Officials with Port KC say resolutions to address these issues are currently under review by their board of commissioners.
Ralph Oropeza, the business manager of the building trades council, said the council started negotiations with Port KC after the council’s investigation uncovered workplace violations of people getting paid under the table and workers coming in from out of state for publicly financed projects. He said this isn’t a “union versus non-union” issue, and impacts workers who are not unionized who aren’t making a living wage.
“We have reached the boiling point where we're frustrated, and we feel that the taxpayers of Kansas City who are helping incentivize these projects need to be represented,” Oropeza said. “We need our local workforce to be represented on these jobs, and we want protection for the workers.”
During the bannering campaign, the unions and their allies will hold banners and hand out flyers detailing the dispute to pressure Port KC to continue negotiations and enact the policies.

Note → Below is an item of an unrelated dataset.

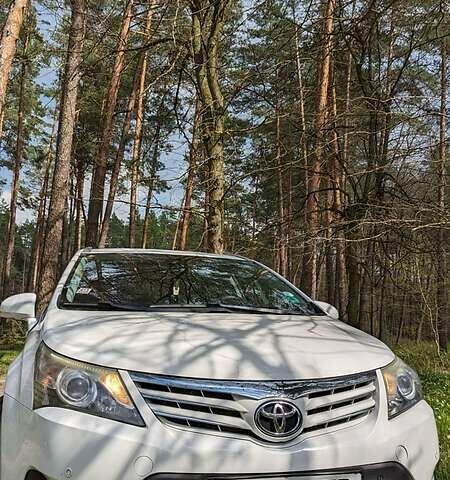 Белый Тойота Авенсис, объемом двигателя 2.2 л и пробегом 235 тыс. км за 9999 $, фото 34 на Automoto.ua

They say they’re not encouraging anyone to stop working on Port KC projects or picket the worksites.
The Greater Kansas City Building and Construction Trades Council represents 17 construction unions in the area. The council wants Port KC to follow a prevailing wage policy on all the projects contracted by the port or done on its property. It also wants the port to require that contractors who receive money from the agency participate in apprenticeship programs recognized by the U.S. Department of Labor.
Prevailing wage is a minimum pay rate for workers on a construction project that’s calculated based on the average pay packages submitted by contractors each year.
Workers on development projects in Kansas City that cost more than $75,000 and any project that receives tax abatements or funding from the city are already entitled to earn the prevailing wage. But developers subsidized by Port KC can skirt those rules because the port authority does not have to follow the city’s guidelines and does not have its own.
Apprenticeship programs combine on-the-job training with classroom instruction to prepare workers for higher-paid and skilled careers.
Oropeza said he believes negotiations stalled because Jon Stephens, the CEO of Port KC, did not act in good faith and did not disseminate information about the negotiations to the broader Port KC board of commissioners.
“I am expecting them to act immediately,” Oropeza said.
In a statement, Stephens said Port KC is considering two "incredibly important" resolutions that address prevailing wage, labor agreements, workforce and apprenticeship programs. Those resolutions were on the agenda for the port’s Monday meeting, but were held until a future meeting.
“Port KC has two resolutions being considered by our commission which would be transformative and broadly beneficial to labor, workforce and quality jobs in Kansas City,” Stephens said.
Oropeza said the current prevailing wage and apprenticeship language being considered by Port KC does not go far enough. The building trades council wants to see stronger language surrounding these issues, similar to what is already being done in other parts of the state, like the port authorities of St. Louis and Jefferson County.
Until then, Oropeza said the building trades council will continue to hang its banners around town and pass out flyers detailing what it sees wrong with Port KC. He wants the community to demand better from one of its biggest development agencies.
“There is nothing better than a well-trained workforce and a local workforce,” Oropeza said. “Those workers then go back into the community and spend their hard-earned money here. What we're having now is developers come in with their own workforce from somewhere else, untrained, unsupervised, and skirt the system. That helps no one.”